§ DATA FOR THE TASK
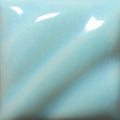 HF-129 BABY BLUE  PT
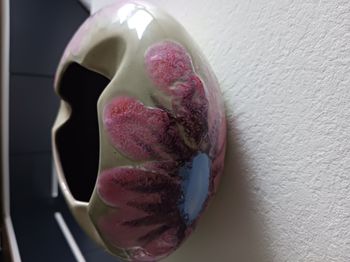 cendrier céramique Ricard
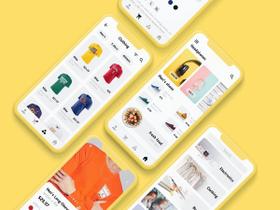 How to Build a Mobile App For Retail Business?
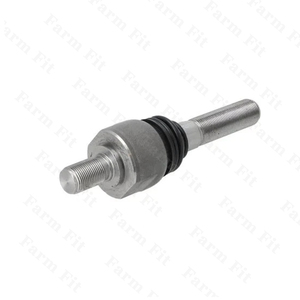 Rótula de Acero de Alta Calidad AL177964 AL80541 para Tractor 6200 6200L 6300L 6400L - Product Image 3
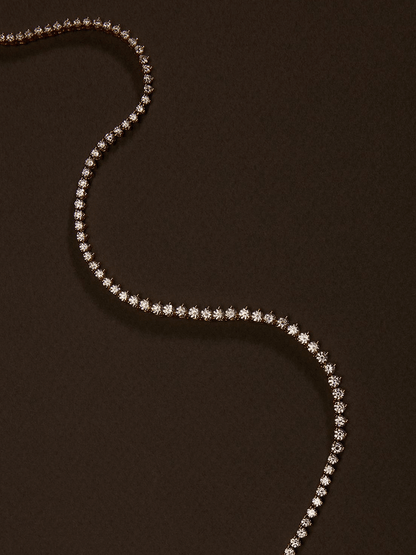 Rivière Collar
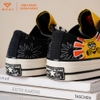 Giày Converse Chuck 70 Sunny Floral - 172825C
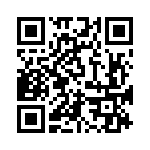 DJ06D2412A QRCode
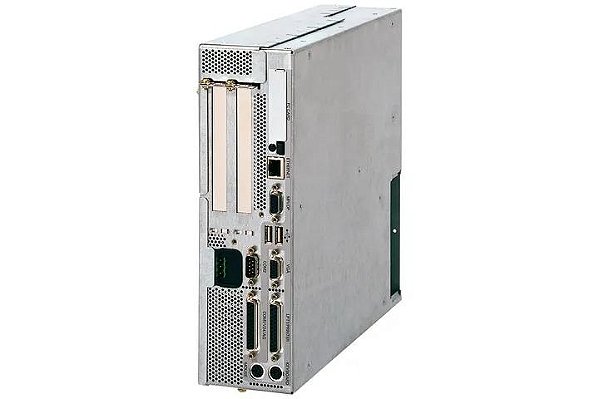 6FC5210-0DF04-0AA0 Siemens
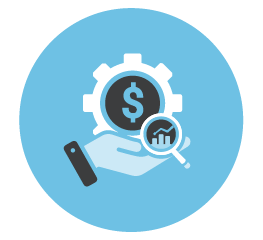 Costs Improvement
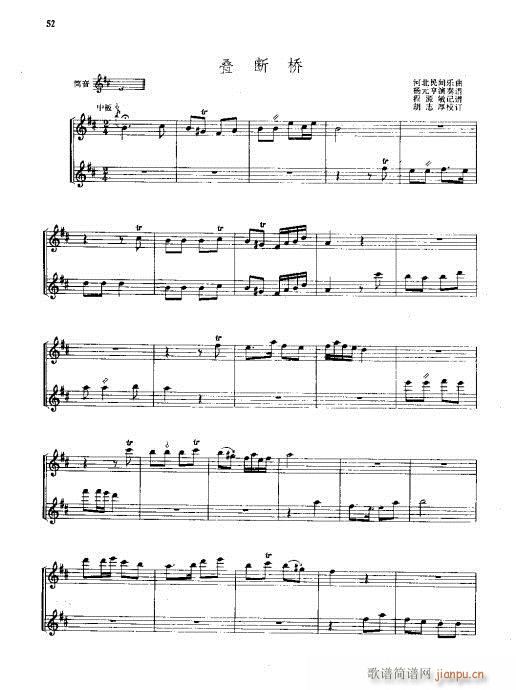 �B����(���L(f��ng)���V)7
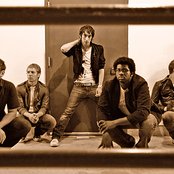 Plain White T's - List pictures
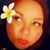 Yessy Montanez's profile image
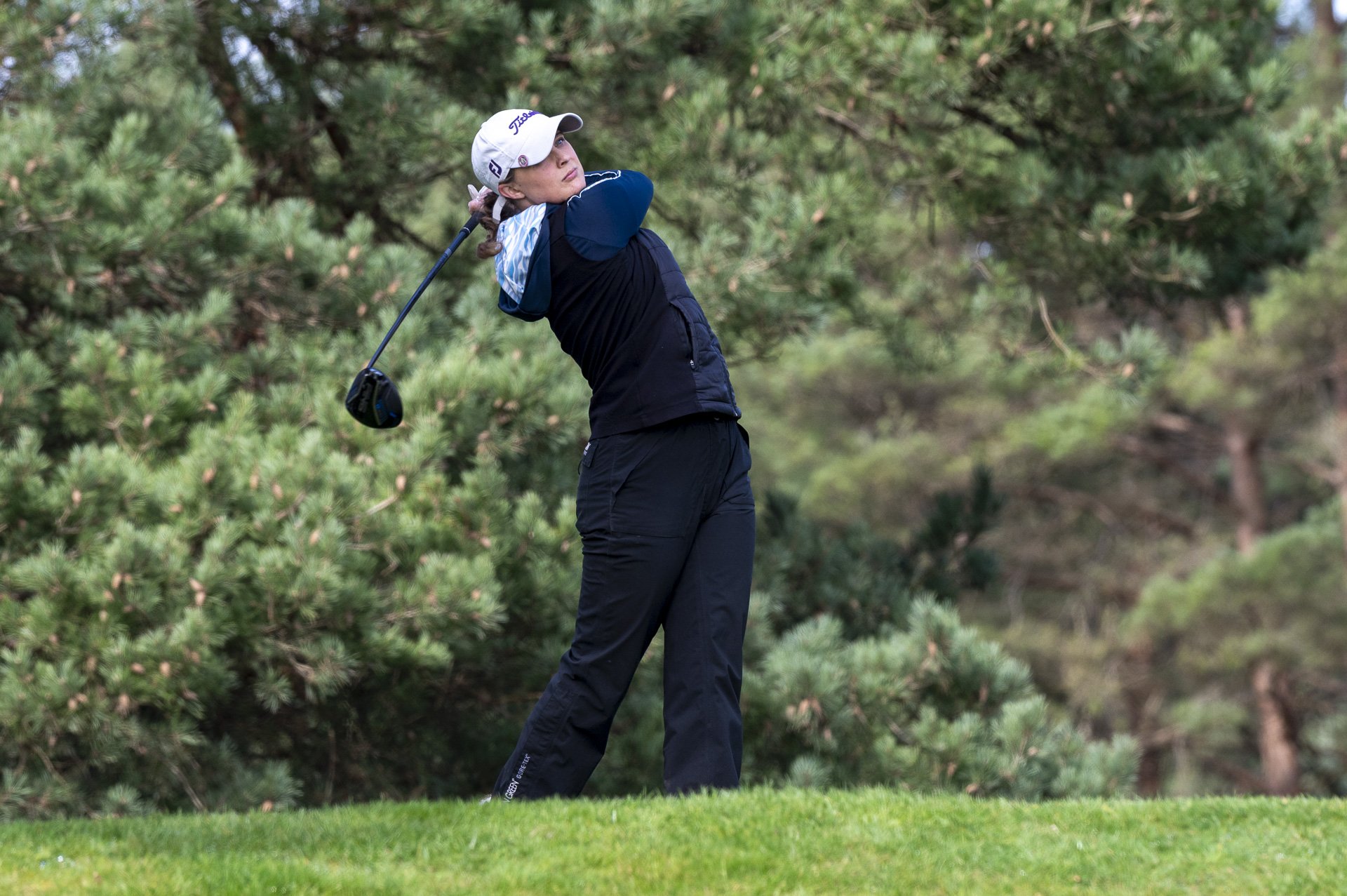 Sunningdale foursomes 2026 Tuesday-4747.jpg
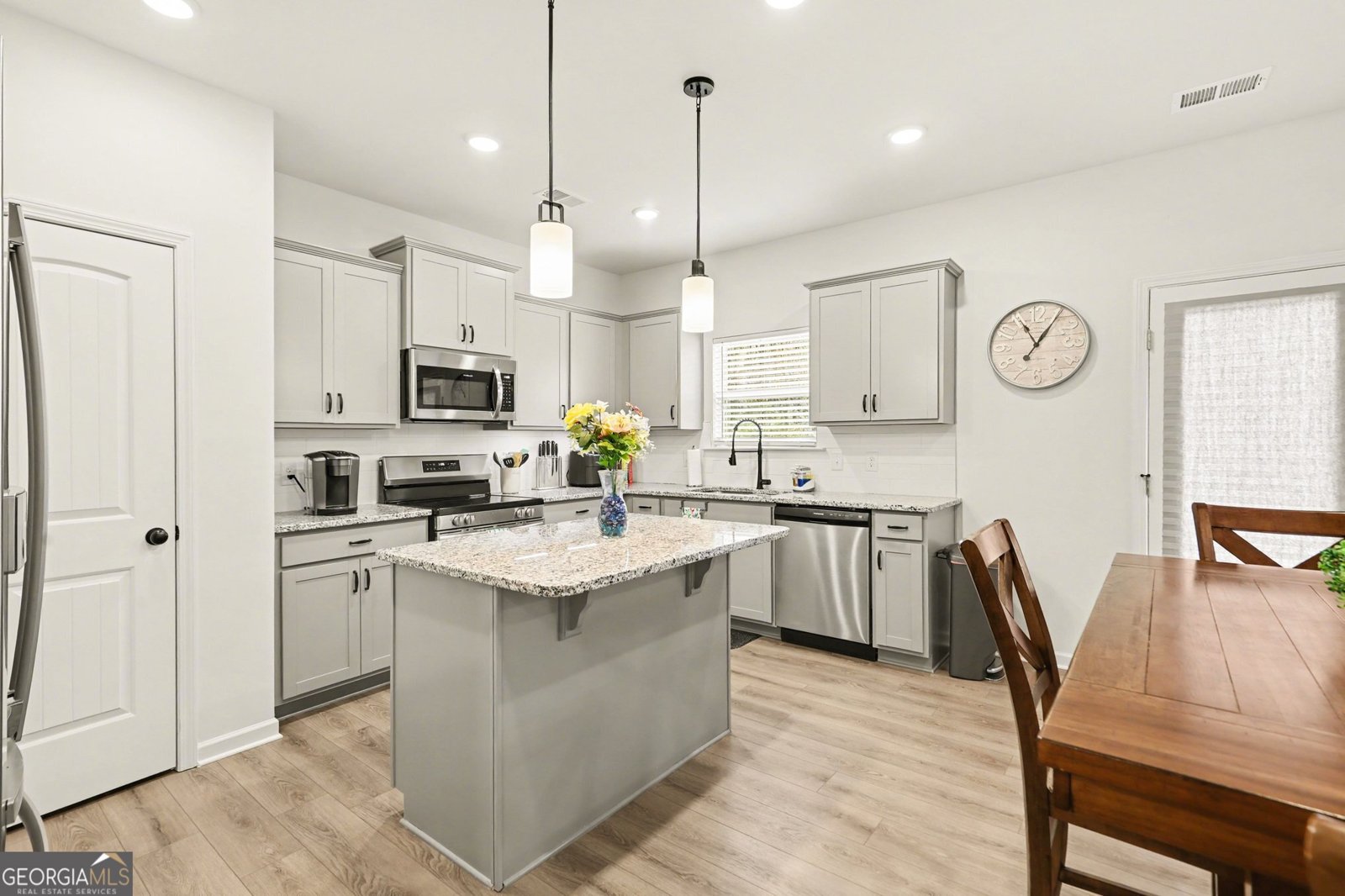 383 Morgan Road Carrollton - Photo 14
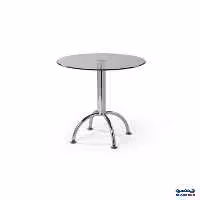 میز بار جهانتاب مدل 1024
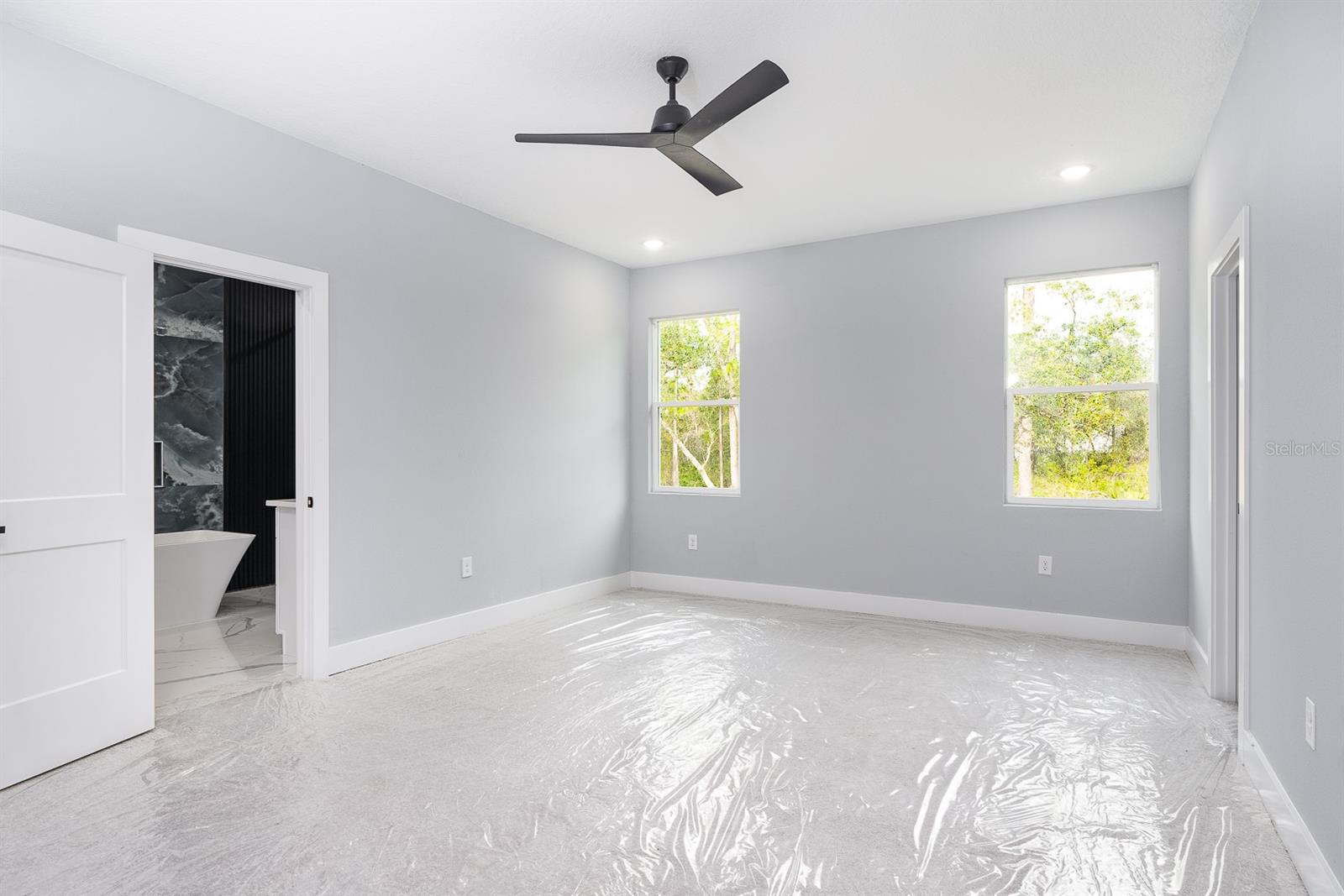 39715 ROYAL TRAILS ROAD, EUSTIS, FL, 32736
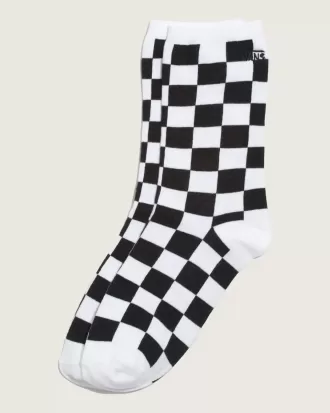 Ticker Crew Socken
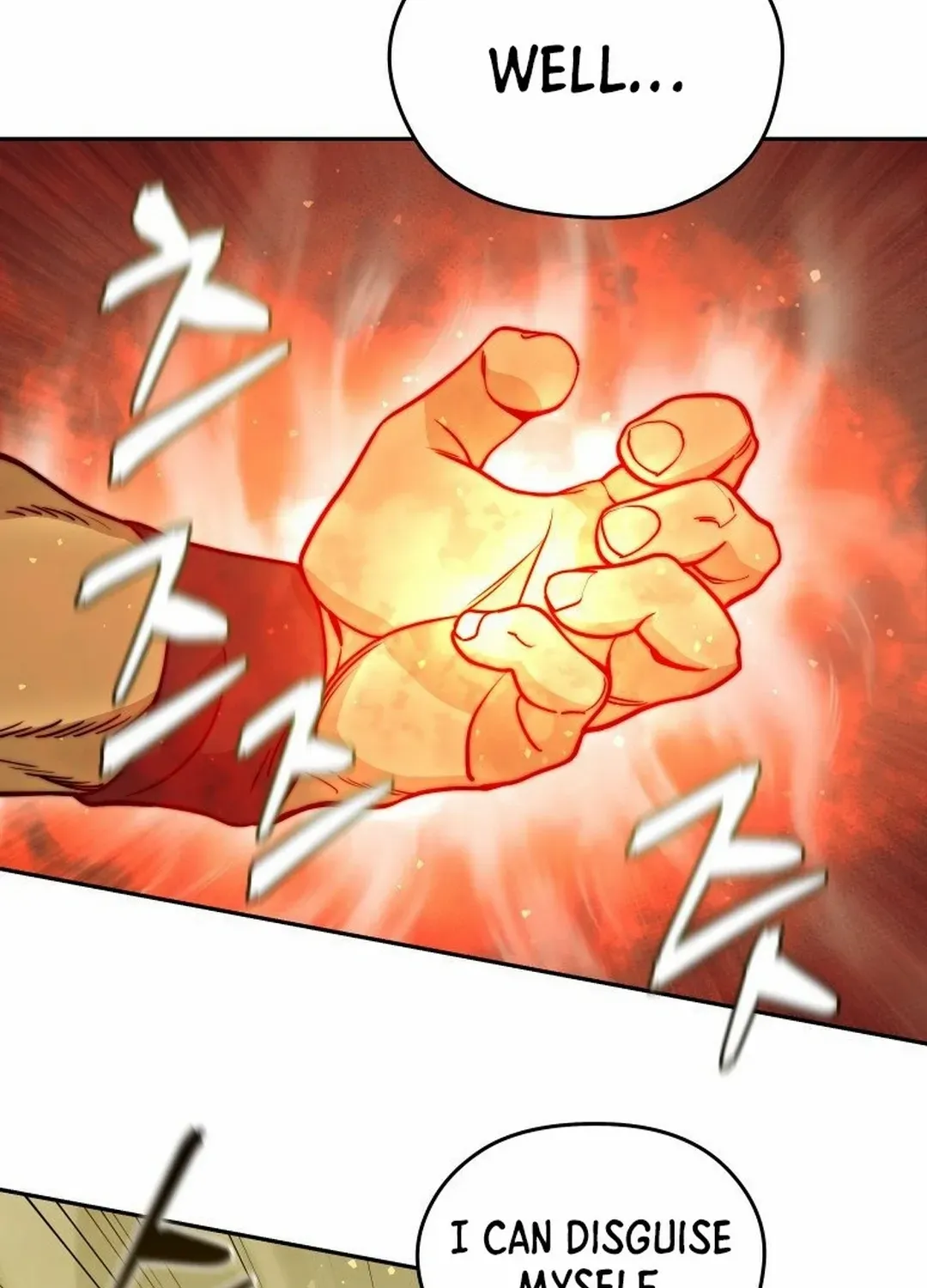Murim’s Youngest Miracle Demon Doctor Chapter 5 page 66 - 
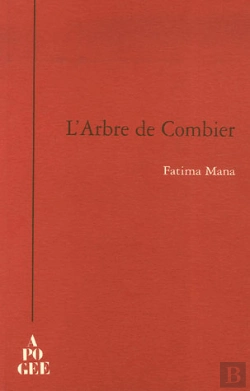Bertrand.pt - L'Arbre De Combier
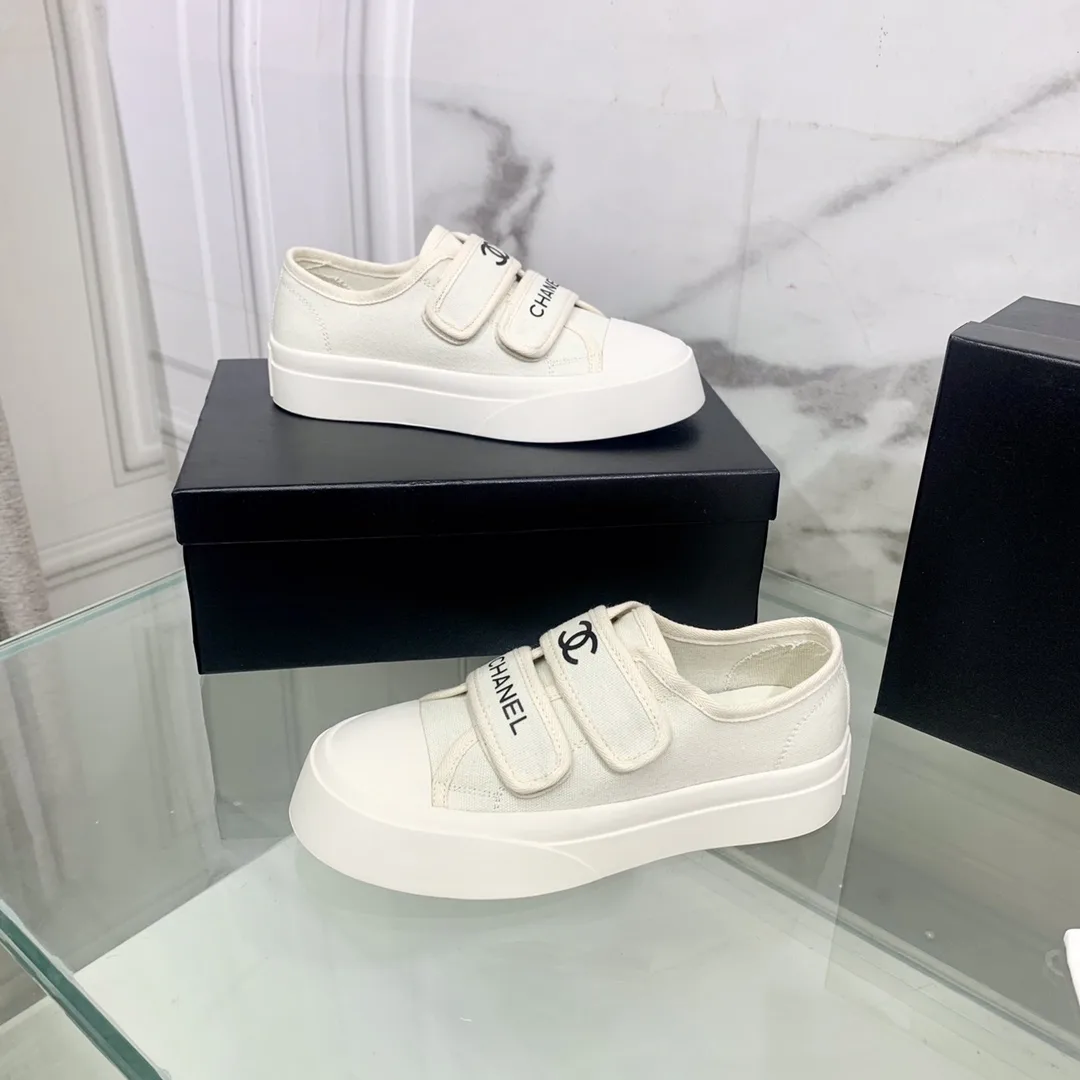 Chanel Women’s Chanel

§ WORK ORDER
Without the pictures, return each entry exactly as given.

§ COMPLETED TASK
 HF-129 BABY BLUE  PT
 cendrier céramique Ricard
 How to Build a Mobile App For Retail Business?
 Rótula de Acero de Alta Calidad AL177964 AL80541 para Tractor 6200 6200L 6300L 6400L - Product Image 3
 Rivière Collar
 Giày Converse Chuck 70 Sunny Floral - 172825C
 DJ06D2412A QRCode
 6FC5210-0DF04-0AA0 Siemens
 Costs Improvement
 �B����(���L(f��ng)���V)7
 Plain White T's - List pictures
 Yessy Montanez's profile image
 Sunningdale foursomes 2026 Tuesday-4747.jpg
 383 Morgan Road Carrollton - Photo 14
 میز بار جهانتاب مدل 1024
 39715 ROYAL TRAILS ROAD, EUSTIS, FL, 32736
 Ticker Crew Socken
Murim’s Youngest Miracle Demon Doctor Chapter 5 page 66 - 
Bertrand.pt - L'Arbre De Combier
 Chanel Women’s Chanel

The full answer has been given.